Solution: C(49, 6) = 49! / (6! * 43!)\n= (49 * 48 * 47 * 46 * 45 * 44) / (6 * 5 * 4 * 3 * 2 * 1)\n= 10068347520 / 720\n= 13,983,816\nProbability of winning = 1 / 13,983,816
Result: C(49, 6) = 13,983,816 combinations
Frequently Asked Questions
What is a binomial coefficient and what does C(n,k) represent?
A binomial coefficient, written as C(n,k) or 'n choose k', represents the number of ways to choose k items from a set of n distinct items, without regard to the order of selection. It is one of the most fundamental concepts in combinatorics and probability theory. The notation comes from its role in the binomial theorem, where it appears as the coefficient of x^k in the expansion of (1+x)^n. For example, C(5,2) = 10 means there are exactly 10 ways to select 2 items from 5. The formula is C(n,k) = n! / (k! * (n-k)!), where ! denotes the factorial function.
How is the binomial coefficient calculated using the factorial formula?
The binomial coefficient C(n,k) equals n! divided by the product of k! and (n-k)!. The factorial function n! means the product of all positive integers from 1 to n. For example, C(10,3) = 10! / (3! * 7!) = 3628800 / (6 * 5040) = 3628800 / 30240 = 120. In practice, direct factorial computation is avoided for large numbers because factorials grow extremely fast (20! already exceeds 2 quintillion). Instead, an iterative multiplication approach is used where the computation is done step by step with intermediate cancellation: C(10,3) = (10 * 9 * 8) / (3 * 2 * 1) = 120.
What is the symmetry property of binomial coefficients?
The symmetry property states that C(n,k) = C(n, n-k), meaning choosing k items from n is the same as choosing which n-k items to leave out. For example, C(10,3) = C(10,7) = 120. This makes intuitive sense because every way of choosing 3 items simultaneously determines which 7 items are not chosen, creating a one-to-one correspondence between the two sets of selections. This property is useful computationally because you can always compute C(n,k) using the smaller of k or n-k, reducing the number of multiplications needed. It is also visually apparent in Pascal's triangle, which is symmetric about its center vertical axis.
What is Pascal's triangle and how does it relate to binomial coefficients?
Pascal's triangle is a triangular arrangement of numbers where each entry is a binomial coefficient. Row n contains the values C(n,0), C(n,1), ..., C(n,n). Each entry equals the sum of the two entries directly above it: C(n,k) = C(n-1,k-1) + C(n-1,k). This recursive property provides an elegant way to compute binomial coefficients without using factorials. The triangle begins with row 0 containing just 1, row 1 containing 1,1, row 2 containing 1,2,1, and so on. Pascal's triangle contains many remarkable patterns including the Fibonacci sequence (along diagonals), powers of 2 (row sums), and powers of 11 (reading rows as digits).
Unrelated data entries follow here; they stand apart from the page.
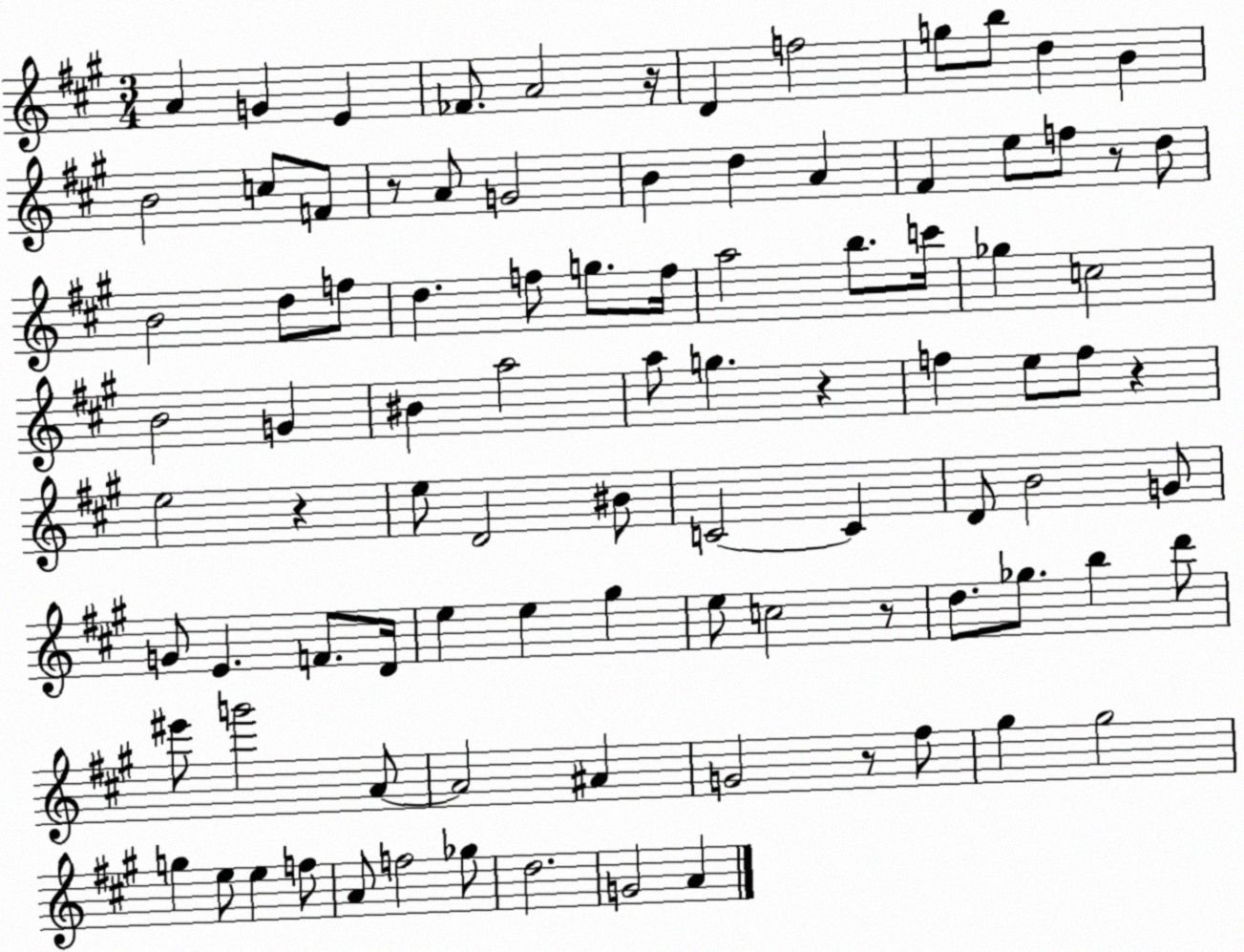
X:1
T:Untitled
M:3/4
L:1/4
K:A
A G E _F/2 A2 z/4 D f2 g/2 b/2 d B B2 c/2 F/2 z/2 A/2 G2 B d A ^F e/2 f/2 z/2 d/2 B2 d/2 f/2 d f/2 g/2 f/4 a2 b/2 c'/4 _g c2 B2 G ^B a2 a/2 g z f e/2 f/2 z e2 z e/2 D2 ^B/2 C2 C D/2 B2 G/2 G/2 E F/2 D/4 e e ^g e/2 c2 z/2 d/2 _g/2 b d'/2 ^e'/2 g'2 A/2 A2 ^A G2 z/2 ^f/2 ^g ^g2 g e/2 e f/2 A/2 f2 _g/2 d2 G2 A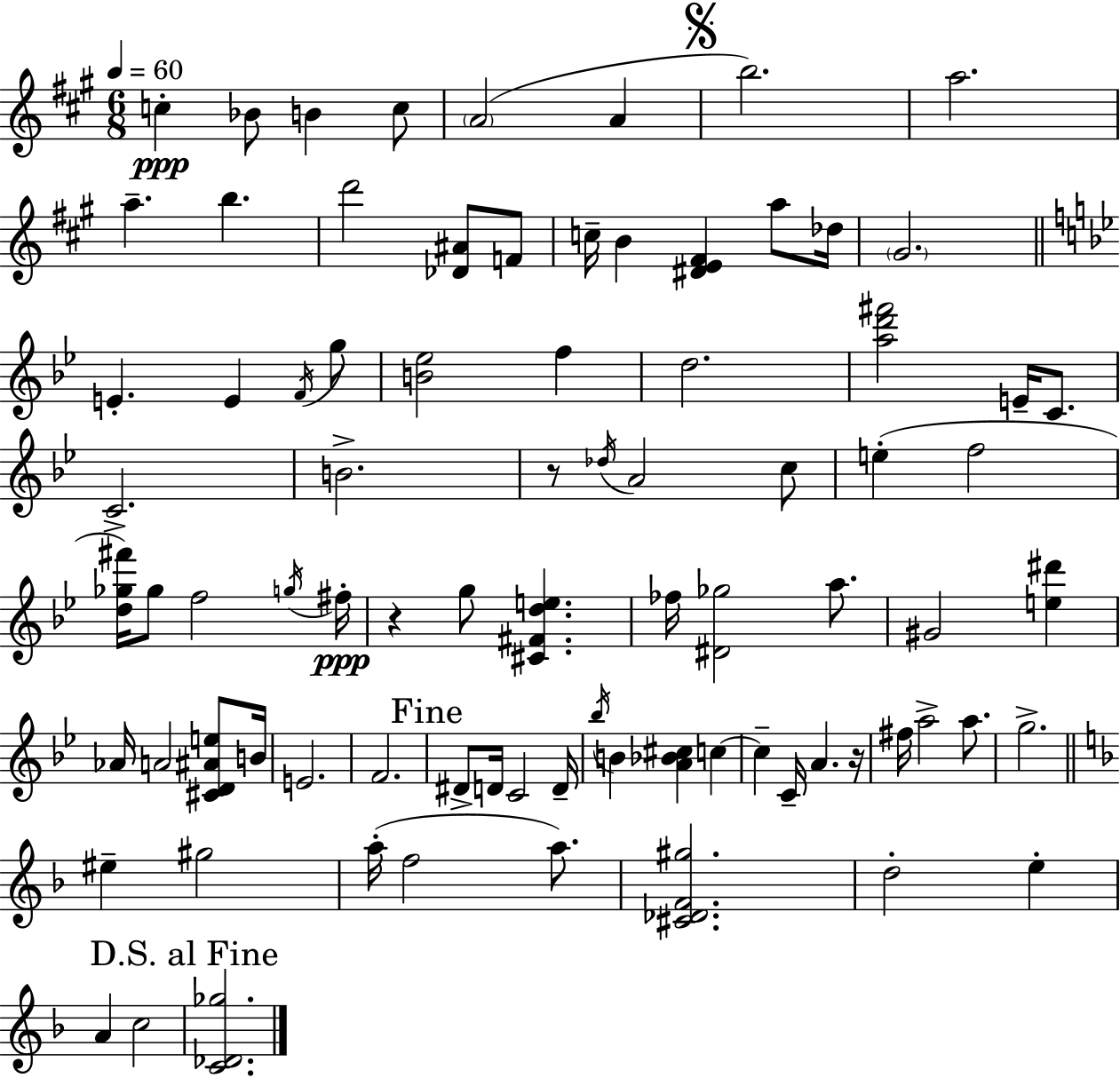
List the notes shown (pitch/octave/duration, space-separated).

C5/q Bb4/e B4/q C5/e A4/h A4/q B5/h. A5/h. A5/q. B5/q. D6/h [Db4,A#4]/e F4/e C5/s B4/q [D#4,E4,F#4]/q A5/e Db5/s G#4/h. E4/q. E4/q F4/s G5/e [B4,Eb5]/h F5/q D5/h. [A5,D6,F#6]/h E4/s C4/e. C4/h. B4/h. R/e Db5/s A4/h C5/e E5/q F5/h [D5,Gb5,F#6]/s Gb5/e F5/h G5/s F#5/s R/q G5/e [C#4,F#4,D5,E5]/q. FES5/s [D#4,Gb5]/h A5/e. G#4/h [E5,D#6]/q Ab4/s A4/h [C#4,D4,A#4,E5]/e B4/s E4/h. F4/h. D#4/e D4/s C4/h D4/s Bb5/s B4/q [A4,Bb4,C#5]/q C5/q C5/q C4/s A4/q. R/s F#5/s A5/h A5/e. G5/h. EIS5/q G#5/h A5/s F5/h A5/e. [C#4,Db4,F4,G#5]/h. D5/h E5/q A4/q C5/h [C4,Db4,Gb5]/h.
How are binomial coefficients used in probability calculations?
Binomial coefficients are essential for computing probabilities in the binomial distribution, which models the number of successes in n independent trials each with probability p. The probability of exactly k successes is P(X=k) = C(n,k) * p^k * (1-p)^(n-k). For a fair coin (p=0.5), the probability simplifies to C(n,k)/2^n. For example, the probability of getting exactly 3 heads in 10 fair coin flips is C(10,3)/1024 = 120/1024 = 0.1172 or about 11.72%. This formula is used extensively in quality control, clinical trials, genetic studies, polling, and any scenario involving repeated independent binary outcomes.
What is the binomial theorem and how does it use binomial coefficients?
The binomial theorem states that (a + b)^n = sum from k=0 to n of C(n,k) * a^(n-k) * b^k. This powerful formula expands any binomial expression raised to a positive integer power. For example, (x + y)^3 = C(3,0)x^3 + C(3,1)x^2y + C(3,2)xy^2 + C(3,3)y^3 = x^3 + 3x^2y + 3xy^2 + y^3. The binomial coefficients appear as the multipliers of each term. Setting a = b = 1 gives the identity that the sum of all entries in row n of Pascal's triangle equals 2^n. The theorem extends to negative and fractional exponents through the generalized binomial series discovered by Newton.